Exactly and that's why Hans track sounds way better: because of its orchestration, arrangement and mixing. It does not lose focus on what's important. That would be the brass melody and the percussions. The rest, mainly strings and bass, never interferes contrary to the 1st track where the melody is not that clear and can sound muddy.

Anyway, I'm not sure what you find so complicated to reproduce. Maybe you could try to do an 8-16 bars mockup and we could help and guide you through it?


----------



## nuyo (Jul 15, 2021)

Mr Pringles said:


> Exactly and that's why Hans track sounds way better: because of its orchestration, arrangement and mixing. It does not lose focus on what's important. That would be the brass melody and the percussions. The rest, mainly strings and bass, never interferes contrary to the 1st track where the melody is not that clear and can sound muddy.
> 
> Anyway, I'm not sure what you find so complicated to reproduce. Maybe you could try to do an 8-16 bars mockup and we could help and guide you through it?

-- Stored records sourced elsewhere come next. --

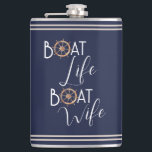 Maka till Boat Life Nautical Bachelorette Party Fickplunta<br><div class="desc">De här marina blå kolvarna är klassliga och söta. Perfektens gåva till en båtfru till hennes bachelorette eller bröllop!</div>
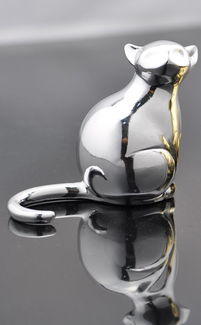 藝居陶電鑄鍍金鍍銀貓工藝品 精美擺件的批發(fā)與銷(xiāo)售指南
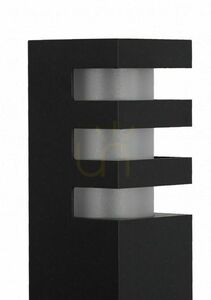 Utomhusstolpe SU-MA RADO 1 BL svart 75 cm IP54 E27 LED small 1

I did a quick mock up that is similar to the 2wei example. I added MIDIs and Stems so you guys can analyse it. I didn't add any fx because it usually doesn't make things better if they aren't arranged right. Let me know what I can improve. ^^


----------



## Mr Greg G (Jul 15, 2021)

Ok I think it was a good start. It didn't sound anemic. To me the issues are:
1/ HUGE lack of reverb for the higher register especially horns. Your track is supposed to sound huge, think huge, huge reverb 2-3s tails.
2/ Not enough dynamics curves, it sounds a bit boring or dry (not talking about reverb here), especially for the brass and the NI Bass. Make the NI Bass behave like a low brass section.
3/ Too much bass. The synth bass is a good addition but you have NI Bass + Monter LOW, + Trombones blasting. That's too much. Please choose and tame the others.
4/ No EQ especially on the horns. Too much bass + mids. Make room for your 1st role ie the horns melody.
5/ Monster LOW Brass is way too Brassy. They sound like an orchestral fart. Change the dyn layer and turn up the volume if you can't hear them anymore.

Here is a quick sketch of what I just talked about. It's not perfect but eh, you've got to work too  The challenge will be to find a good reverb. I just fired up a random reverb here (First tried VintageVerb, it didn't work so I switched to Reverence) but you should achieve a better result if you spend more than 5min like I did.


----------



## nuyo (Jul 15, 2021)

Mr Pringles said:


> Ok I think it was a good start. It didn't sound anemic. To me the issues are:
> 1/ HUGE lack of reverb for the higher register especially horns. Your track is supposed to sound huge, think huge, huge reverb 2-3s tails.
> 2/ Not enough dynamics curves, it sounds a bit boring or dry (not talking about reverb here), especially for the brass and the NI Bass. Make the NI Bass behave like a low brass section.
> 3/ Too much bass. The synth bass is a good addition but you have NI Bass + Monter LOW, + Trombones blasting. That's too much. Please choose and tame the others.
> ...


Good Points 

So what you are saying is that the main problems are to much energy under 400 kh and the lack of Reverb ? And would you agree that the 2wei example doesn't contain trombones or low brass but mostly guitar or synth basses ?


----------



## Mr Greg G (Jul 15, 2021)

Well it's not the energy but more the traffic in the low register, there are too many cars on the same road. You have to choose which is the main car and hold back the others. Also, hombre, don't use Stereo on your bass. I had to use Imager in my mp3 example and put everything to mono under 100Hz. Look at the waveform of your NI Bass track. Should be mono, not something that wanders left and right when it wants to.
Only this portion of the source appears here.